Przekłady pisemne rozliczane są za 1800 znaków ze spacjami/ 1 strona lub 1125 znaków (tłumaczenie uwierzytelnione wykonywane przez tłumacza przysięgłego)
- Tekst zwykły czy specjalistyczny
Każdy z tłumaczy ma swoją dziedzinę, w której specjalizuje się. I o ile tłumaczenie prostego dokumentu nie jest zadaniem czasochłonnym, to dokonanie tłumaczenia tekstu technicznego już tak.
- Termin ekspresowy czy zwykły
Stawka za przekład jest również uzależniona od tego, w jakim terminie zleceniodawca oczekuje otrzymania gotowego tłumaczenia. Cena za przekład wzrasta w momencie gdy np. przekład jest potrzebny w ciągu paru czy 24 godzin. Jest to zrozumiałe, gdyż wykonując go priorytetowo musimy pracować w danym dniu w nadgodzinach lub przełożyć inne zlecenia. Stawka wtedy wzrasta nawet o 100 procent.
- Jakość dostarczonych dokumentów
Istotne, kiedy tłumacz otrzymuje papierową wersję tekstu. Jeżeli ma pracować na dokumencie, który uległ częściowemu zniszczeniu, a w efekcie musi rozczytywać znaczenie słów czy posiłkować się przekonwertowaniem i spędzać podwójną ilość czasu na odczytaniu kontekstu-stawka za wykonanie usługi może być wyższa.
- Język
Zlecenie przekładu z języka popularnego będzie mniej kosztować niż zamówienie z języka mniej używanego. Wszystko zależy od pary językowej.
Jak widać stawka za przekład zależy od indywidualnego zlecenia, stopnia trudności tekstu, objętości i pary językowej.
Oczywiście istnieją widełki od których zaczynamy, które mogą ulegać zmianie ze wzrostem trudności przekładu.
Każdy tłumacz dokonuje indywidualnej wyceny swojej pracy.
Sadzę, ze najistotniejszym faktem dla przyszłych adeptów zawodu tłumacza jest nie zaniżanie stawek.

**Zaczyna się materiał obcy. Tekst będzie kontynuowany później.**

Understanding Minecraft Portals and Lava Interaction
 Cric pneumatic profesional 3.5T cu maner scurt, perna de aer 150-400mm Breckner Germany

Jeżeli przyzwyczaimy inne osoby do niskiej stawki, trudno nam będzie wprowadzić nowe zasady.
Studenci, również już posiadają rodziny.
Czy jak przychodzi do takiego studenta hydraulik i ma stawkę przypuszczalnie 50 zł to negocjujecie ją?
To ma przełożenie na każdy zawód.
Być może bardzo dużo wysiłku włożyłeś w pracę i w miejsce, w którym teraz jesteś.
Wiesz o tym Ty sama/Ty sam!
Może to są godziny nauki, szkoleń, pracy, specjalizacji a może wręcz zaczynania od nowa, bo miałeś/aś trudne doświadczenia z poprzednim pracodawcą?
Jak negocjować stawki?
Doceń siebie.
Spójrz co umiesz, na co jesteś gotowa/y, ile wysiłku włożyłeś/aś w swój własny rozwój i wiedzę, którą posiadasz.
Rozwój to właśnie pokonywanie własnych słabości.
Każda praca jest wartościowa i warto siebie cenić.
Dostrzegasz w swoim zawodzie zaniżanie stawek?
I jak na to reagujesz?
Doceniasz siebie?
Uściski.
Zdjęcie autorskie.
Helena
Cenię siebie. Ludzie nauczyli mnie, żeby nie dać się wykorzystywać. Zmieniłam prace i sama zastanawiam się czy stawki będą wyższe jak zostało to obiecane.
Sylwia Świerżewska
Tak, bywają i takie doświadczenia.
Trzymam kciuki za nową pracę!
Leonard
Trafione w samo sedno, jakbym już to gdzieś słyszał 😉 p.Sylwio. Polaka przywarą jest, a raczej sa dwa wiadace slowa jak sie rodzi to 'za drogo’ 🙂 Lubimy mieć wszystko za darmo lub po znajomości i po kosztach, ale to chyba jeszcze przypadlosc pokolenia przejściowego tj.jak moje – znaczy dziecka PRLu. Natomiast „To odwaga być sobą i akceptować osoby jakimi są, a nie jakimi chcielibyśmy widzieć. Jednocześnie gdy pozwalamy sobie na bycie sobą godzimy się z tym, że nie wszystkim możemy się podobać.”
To zostawie bez komentarza, choć aż się prosi. Pozdrawiam, R
Sylwia Świerżewska
Dziękują za komentarz i wyrażenie swojego zdania.
Rzeczywiście trafne stwierdzenie na temat pokolenia przejściowego. Może warto ten temat zgłębić?